I took the kids down to Galveston today so we could hang out with my friend who plays with the Beach Boys. They were in town to play a benefit gig.
The island is in sad shape. But there were some bright spots. The Moody Gardens Aquarium is open, and since there are so few tourists they have greatly reduced the entrance fee. (The Rain Forest Pyramid is closed until further notice.) The kids did get to see a beautiful shrimp trawler up close. They were fascinated.
What struck me most was the fact that all of the trees are dead. All of the beautiful live oaks, planted soon after the 1900 hurricane, are no more. They were killed by the flood of salt water. The only trees to survive are the palms and Norfolk Island pines. My best guess is that every deciduous tree more than 5 blocks from the seawall is dead.
Trash and debris still line Broadway. It will be many months before it is all picked up.
Warning signs were all too common. Fortunately, I don't think looting was much of a problem.
Not sure what happened here. It may have been flood damage, based upon the dead shrubs.
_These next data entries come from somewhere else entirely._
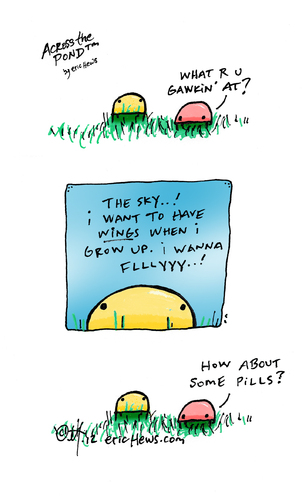 Cartoon: i wanna fly! (medium) by ericHews tagged fly,drugs,metaphor,reality,society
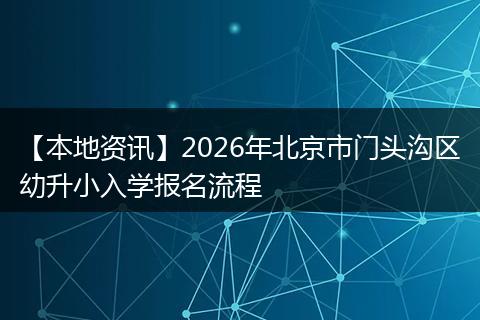 【本地资讯】2026年北京市门头沟区幼升小入学报名流程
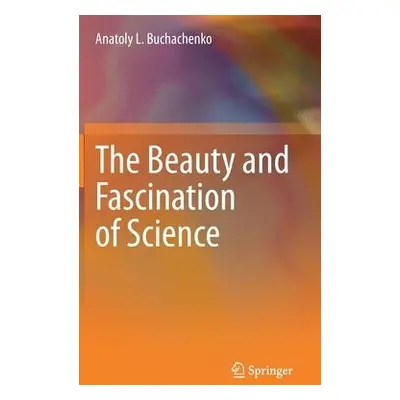 Beauty and Fascination of Science - Buchachenko, Anatoly L.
It also looks like the house on the right drifted into the pastel-colored houses on the left. My son only noticed the cat and the toilet in the pink bathroom. Funny how kids focus in on things like that.
I've taken a photo at this spot before. It is what is left of the sign for the Balinese Room.
And here is what is left of the Balinese Room. It survived 80 years and many hurricanes, but it couldn't stand up to Ike. The pelicans do like the remaining stumps of the pier. They are handy places to perch on and wait around for fish.
Murdoch’s, another Galveston institution. A great gift shop on a pier that was almost 100 years old. This was a gigantic gift shop. Gone.
All that's left is some merchandise hanging on the wall.
The Strand. The biggest tourist draw in Galveston. The CBD for the city. It looks like something from a "day after" sci-fi movie. On a nice 82 degree fall day like today Galveston would normally be packed with tourists. But now it's all shut down and the only noise is the occasional sound from a repair crew. Not a thing is open. Nothing will be open for many months.
Many people have had their picture taken with the one-handed chef statue, which is normally out on the sidewalk. Well, he survived just fine. The restaurant didn't.
Most Houstonian's know La King's. A great place for homemade ice cream and a fantastic variety of hard candy made right there in the store. It's gone. All that's left is the sign, which you can see in the top left corner.
Anyway, about that beautiful shrimp trawler that delighted the kids.
After we dropped my friend off so he could perform tonight at Moody Gardens, we drove through some of the nice middle-class neighborhoods. The power was on, but it was so dark. Block upon block of damaged houses with no one living in them.
Galveston needs a lot of help! Most of the businesses along Seawall Boulevard are open, so I urge my fellow Texans to go down there and drop some green on the city.